In Isaiah 66 the prophet says: “For soon as Zion was in labor, she gave birth to her children.”  This would be a unified Jewish people born out of hardship preparing the end of the 1,878 year Jewish Diaspora exile.  I would liken the Holocaust to this first labor pain which I would compare with Jacob’s first 7-years of labor pain under Laban, or the “first time of Jacob’s trouble”.    Isaiah, in the same verse 8, says: “Shall the earth be made to give birth in one day?  Or shall a nation be born at once?   This seven year period 1938-1945 was Jacob’s first time of trouble which gave rise the Jewish nation in 1948.  

 

The year 1945 brought the end of World War II and resulted in the formation of the United Nations.  The United Nations represents “all the trees” of Luke’s version of the Fig Tree Parable.  The U.N., later in 1947 carved out of Palestine a Jewish homeland for the children of the Holocaust.  This was the “shooting forth (branches and leaves, no flowers and fruit) of the newly revived “fig tree” which represented “self-righteous Israel”.  Self-righteous for rejecting their Messiah and the symbol of the fig leaf fashioned as Adam and Eve’s covering for their sin.   The second “time of Jacob’s trouble” is fast approaching because the Fig Tree parables found in Mark 13, Luke 21 and Matthew 24 all indicate that the generation which sees the birth of Israel will see the Second Coming of Messiah Christ Jesus/Yeshua, save the true Church.

 

The Church will be removed prior to Daniel’s 70th week because that week is about the condemnation and judgment associated with rejection or indifference to sin, repentance, God’s righteousness and offer of forgiveness.  Daniel’s week represents a new dispensation of faith and works.
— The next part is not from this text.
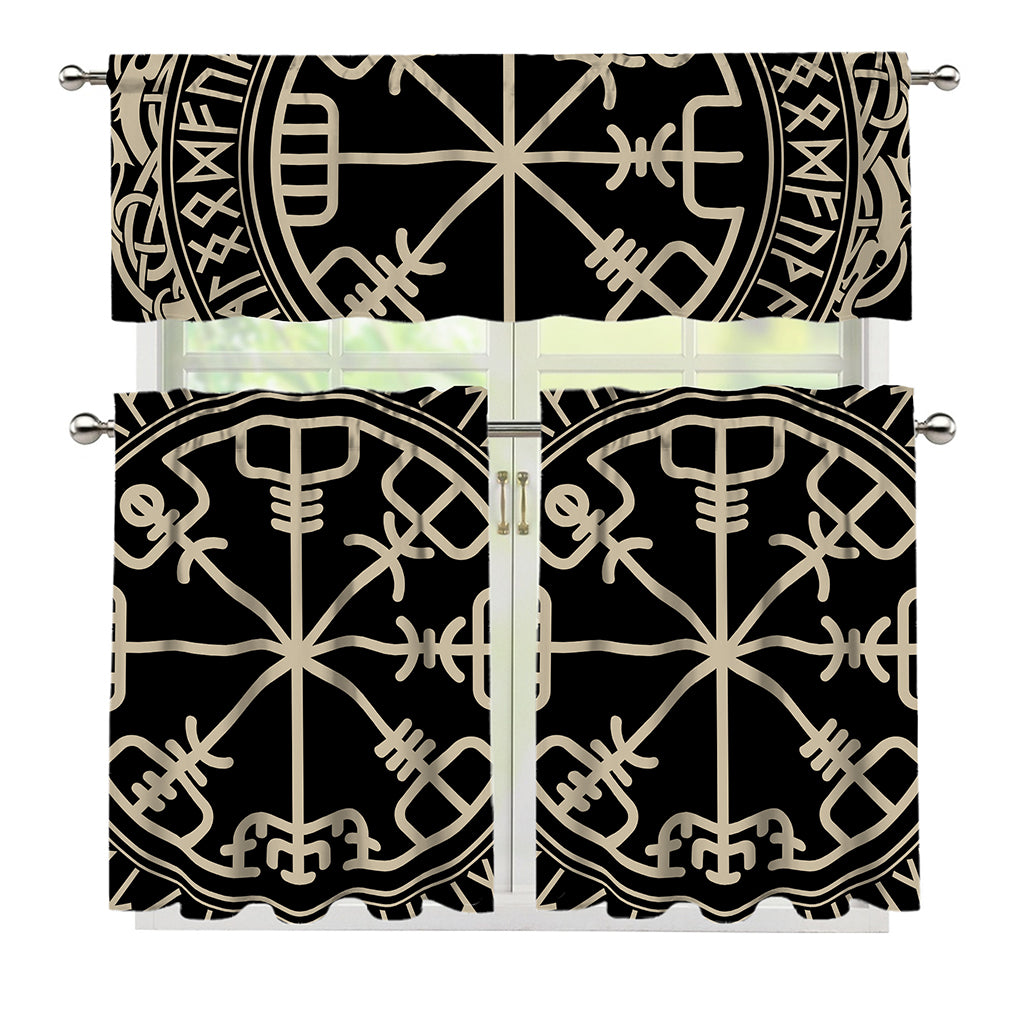 Viking Vegvisir Print 3 Piece Kitchen Curtains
We who belong to Jesus may rest assured that there is “now no condemnation to those who are in Christ Jesus, who do not walk according to the flesh, but according to the Spirit.” (Romans 8:1)  For it is the Son who judges. (John 5:22) Believers in Christ are His body.  “Verily, verily, I say unto you, He that heareth my word, and believeth on him that sent me, hath everlasting life, and shall not come into condemnation; but is passed from death unto life.” (John 5:24) 

 

Let us be encouraged by Paul’s statement in 1 Thessalonians 4:18 that God has a date set to deliver us from the wrath to come.  Let us look expectantly for a Shavuot redemption where the dead in Christ shall be raised as the first wave offering loaf, and the living in Christ to be transformed as the second wave offering loaf.  The typology of Leviticus 23: 17 completes Shavuot typology and the second order of the first resurrection. (1Corinthians 15:20-24)

 

During Daniel’s 70th week, God will call out a Jewish remnant. (Romans 9:27)  The remnant will represent true Israel. (Romans 9:6)  “And so all Israel shall be saved: as it is written, There shall come out of Sion the Deliverer, and shall turn away ungodliness from Jacob:  For this is my covenant unto them, when I shall take away their sins. As concerning the gospel, they are enemies for your sakes: but as touching the election, they are beloved for the father's sakes. (Romans 11:26-28) 

 

The second time of Jacob’s trouble will result in the birth of the Christ/Yeshua believing Jewish remnant nation. This fig tree nation will flower and produce fruit, the fruit of belief in Messiah Jesus/Yeshua.  Hosea 9:10, in part, says: I saw your fathers as the “first ripe” in the fig tree at her first time.  Fig tree horticulture is instructive.  The fig tree coming out of winter dormancy flowers and sets fruit before its leaves appear.  This is the “first ripe” fig fruit.  God says he saw Israel’s fathers as fruitful figs.  Israel has failed to produce any fruit since the Hosea’s words.  However, in fig tree horticulture, the fig tree sets a second crop in the Summer on the new branch growth. This second summer fruit set is the “second ripe fruit”.  Israel returned to God’s land in 1948 and has produced no national fruit.  It has only grown branches and leaves.  However, remnant Israel, in the future, will blossom and set the fruit of belief as they receive their Messiah during Daniel’s 70th week. (Revelation 12:17, 14:12) This will complete the fig tree prophecy typology because belief in Messiah Jesus/Yeshua is the fruit that the Lord seeks during Daniel’s week.